● **Dataset content**
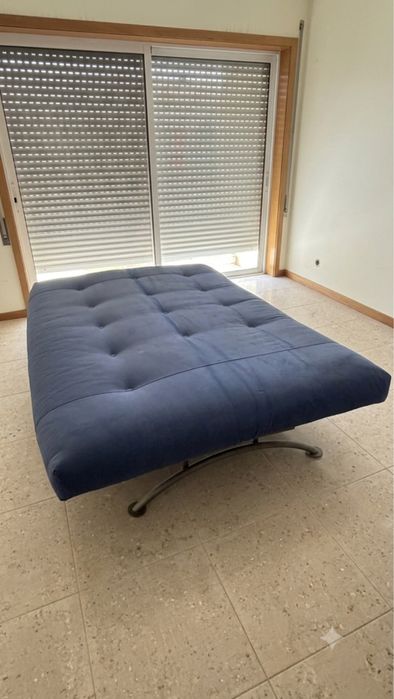 Sofa cama com a estrutura em metal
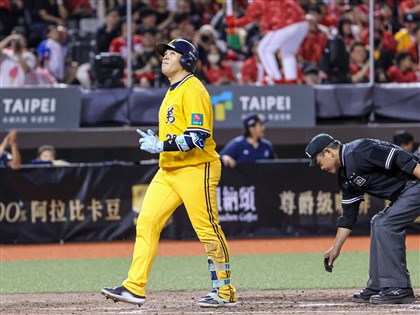 曾頌恩敲中職例行賽大巨蛋首轟 兄弟首戰3比2擊退味全龍【圖輯】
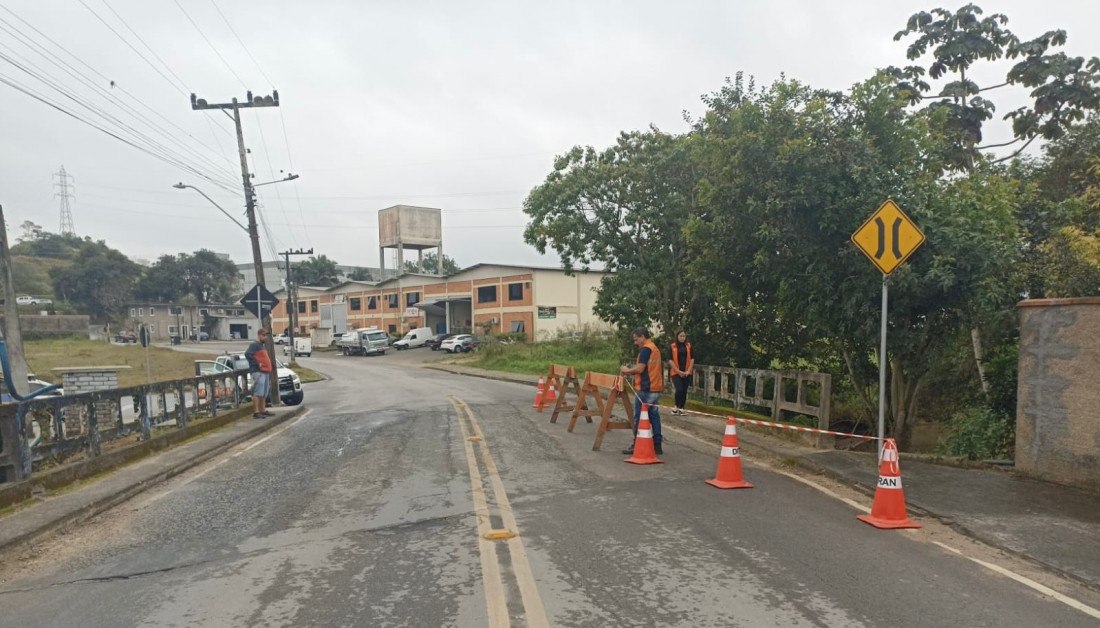 Ditran implantou uma sinalização para indicar o trecho interditado da ponte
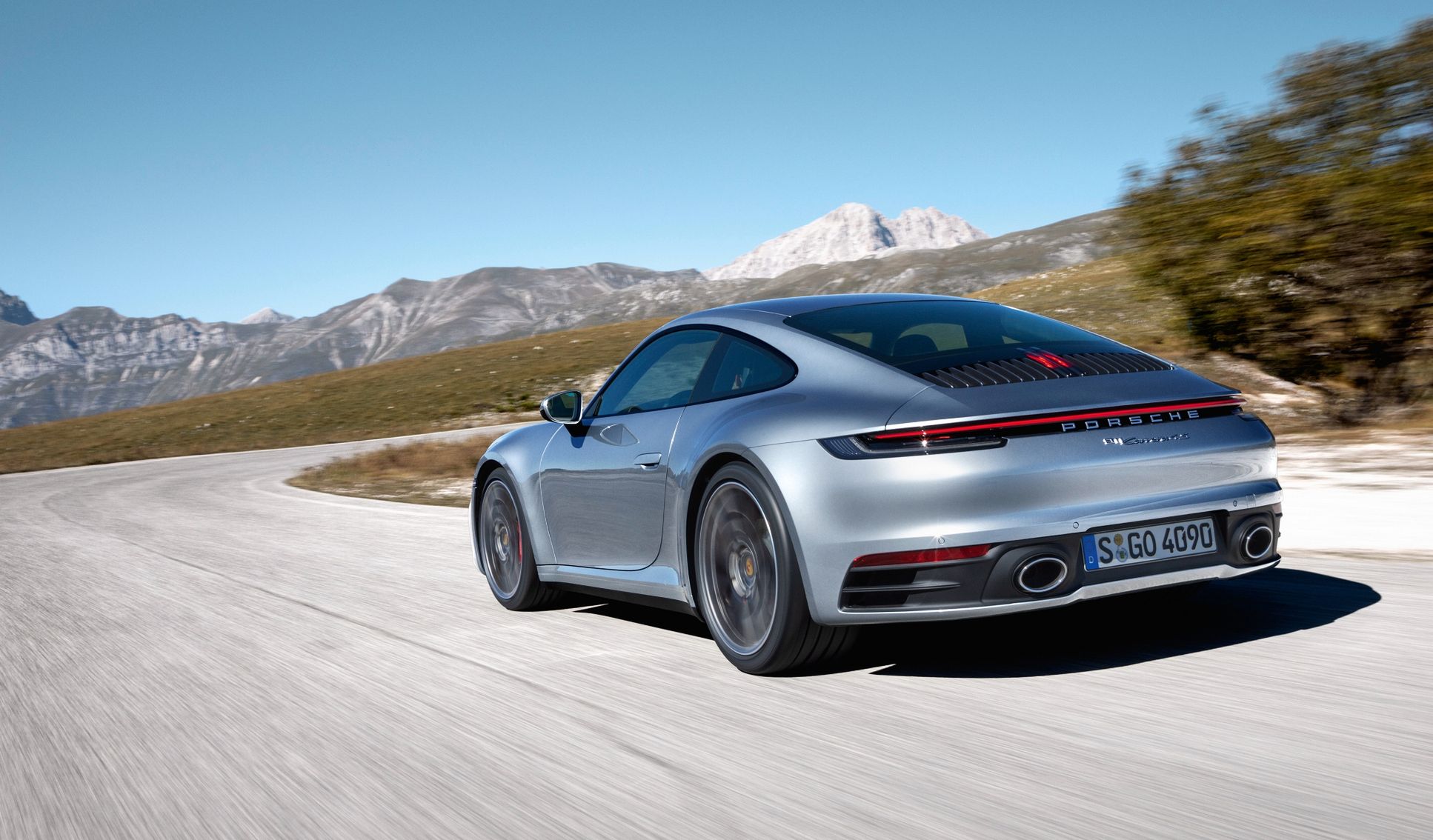 Jak wam się podoba tył nowego Porsche 911? Czekamy na komentarze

● **Goal of the exercise**
All of the material above needs to be restated exactly, with no pictures.

● **Task output**
 Sofa cama com a estrutura em metal
 曾頌恩敲中職例行賽大巨蛋首轟 兄弟首戰3比2擊退味全龍【圖輯】
 Ditran implantou uma sinalização para indicar o trecho interditado da ponte
 Jak wam się podoba tył nowego Porsche 911? Czekamy na komentarze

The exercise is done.